REHA, “Boş vakit, insanın güzelliğe zaman ayırmasıdır” derdi.
“Boş zaman”a dair, en derin/anlamlı ve en doğru tanım gelir bana.
Doğrusu, boş zamanları(mı) bu tarife uygun geçiremem her zaman. Ama kulağımda küpedir. * * * Dün gece Sakarya’ya düştü yolum. El-ayak çekilmişti biraz.
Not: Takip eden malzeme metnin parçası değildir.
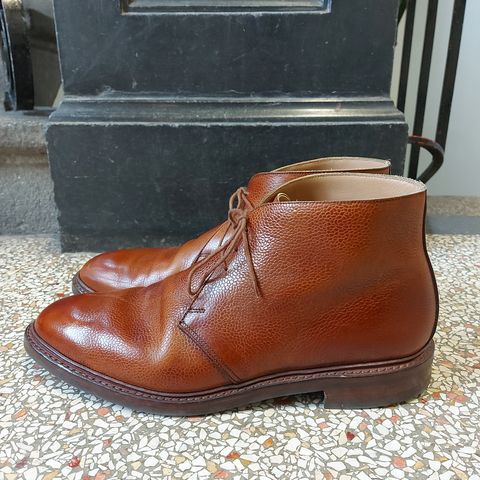 Crockett & Jones Chepstow in Tan Scotch Grain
Önce, midye dolma tezgahı çağırdı. Tadı mıydı, serinliği miydi, limonu/ekşisi mi, parlayan sedefli kabuğu muydu bilmem.Ama iyi geldi.Bir baktık kuytuda koca bir ateş yakmış, iki genç.Yaşça değil ama “başça” delikanlı. Yüzleri al al; ateşin oryantal figürleriyle, hareketli. Oturduk yanlarına. Biri türkü mırıldandı iki satır, memleketinden. Sadece yüzlerimiz, bedenimiz değil, içimiz de ısındı. “Al gözüm seyreyle Salih” dedim içimden. Güzelce geçti zaman. * * * Yıllar önce izlemiş, bir kez daha yazmıştım. “Quest for Fire (Ateşi aramak)” filmini... Jean Jacques Annaud’nun yönettiği, belgesel tadındaki filmde farklı gelişmişlik düzeyinde üç ilkel topluluk anlatılıyordu. Toplulukları sınıflandıran ölçüt ise, “ateş” karşısındaki konumlarıydı. En gelişmişi, ateş yakmasını bilenlerdi. Daha az gelişmiş olanı ise, ateşi saklayabilenler. En ilkeli ise ateşi “çalarak” elde eden barbarlardı. Barbarlar, ateşi saklayan grubu bastılar, çaldılar ateşlerini... Gruptan bir kaç genç de ateş aramaya çıktı. Sonunda karşılaştılar, tanıştılar ateş yakmayı bilenlerle. Başardılar ateş yakmayı. Ve onlardan ateş kadar sıcak, o denli değerli iki şey daha öğrendiler: Gülmeyi ve öpüşmeyi... Ateş yakmayı bilen “medeni” topluluk, ara grubun aksine gülmeyi ve öpüşmeyi de biliyordu! Ateşi hatırladım, gülümsedim: Boş vakit, güzelliğe zaman ayırmaktır.